Learning Hits High Gear. It was at this point that my learning began. As soon as her little feet hit the ground Gail began the systematic destruction of all of dad’s stereotypical notions about girls and young women. As a toddler she kept up with both Dad and her big brother. As a youngster, she shagged fly balls, kept up and was never afraid to try something new. As she grew older, my son and I agreed that Gail would never be left behind just because she was a girl. As a teenager she was a great softball and basketball player, a bundle of laughs and on top of all of that she grew into a beautiful young woman. She became her mom’s best friend and a close confidant to her dad and her brother.

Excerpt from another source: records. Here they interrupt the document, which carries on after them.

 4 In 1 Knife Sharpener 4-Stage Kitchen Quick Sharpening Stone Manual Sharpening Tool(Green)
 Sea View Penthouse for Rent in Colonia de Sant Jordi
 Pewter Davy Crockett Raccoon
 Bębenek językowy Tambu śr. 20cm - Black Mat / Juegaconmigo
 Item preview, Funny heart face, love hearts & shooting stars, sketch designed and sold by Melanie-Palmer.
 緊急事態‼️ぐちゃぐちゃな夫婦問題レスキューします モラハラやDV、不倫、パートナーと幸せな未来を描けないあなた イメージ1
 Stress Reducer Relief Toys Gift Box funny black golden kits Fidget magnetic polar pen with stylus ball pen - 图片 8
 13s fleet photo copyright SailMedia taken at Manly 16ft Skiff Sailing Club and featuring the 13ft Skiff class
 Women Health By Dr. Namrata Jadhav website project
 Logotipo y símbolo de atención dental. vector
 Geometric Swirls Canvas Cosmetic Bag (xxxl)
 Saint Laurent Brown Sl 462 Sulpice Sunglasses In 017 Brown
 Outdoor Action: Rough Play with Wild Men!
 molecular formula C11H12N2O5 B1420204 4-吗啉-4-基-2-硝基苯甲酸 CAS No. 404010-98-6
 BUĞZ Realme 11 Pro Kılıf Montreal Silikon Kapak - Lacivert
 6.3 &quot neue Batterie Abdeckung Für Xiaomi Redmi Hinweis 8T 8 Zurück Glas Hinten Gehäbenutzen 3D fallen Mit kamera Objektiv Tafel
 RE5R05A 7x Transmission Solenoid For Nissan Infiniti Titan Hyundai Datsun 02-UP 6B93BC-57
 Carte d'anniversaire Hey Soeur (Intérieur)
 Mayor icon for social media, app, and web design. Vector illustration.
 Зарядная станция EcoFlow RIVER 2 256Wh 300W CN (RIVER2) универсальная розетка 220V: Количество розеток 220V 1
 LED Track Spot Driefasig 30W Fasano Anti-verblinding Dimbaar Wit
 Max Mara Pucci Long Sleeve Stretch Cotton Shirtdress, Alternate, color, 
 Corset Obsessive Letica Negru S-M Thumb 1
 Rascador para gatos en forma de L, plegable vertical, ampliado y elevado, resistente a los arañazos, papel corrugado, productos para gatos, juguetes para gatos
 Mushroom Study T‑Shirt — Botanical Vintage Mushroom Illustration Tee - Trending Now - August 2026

As Gail reached adulthood the pace of my learning quickened. During our often spirited conversations, she would vigorously debate my point of view on music, current dress, popular events and political correctness. Gail’s probing and sometimes even provocative way of asking questions would often lead me to a more sensitive and tolerant view of the younger generation. In retrospect, I now see that she softened my hard positions to better fit the times we were living in. The world always seemed a little less complex and more hopeful when viewed through the filter she provided. While we didn’t always agree, I was frequently challenged to see the world from a different perspective. I was learning and I didn’t realize it at the time.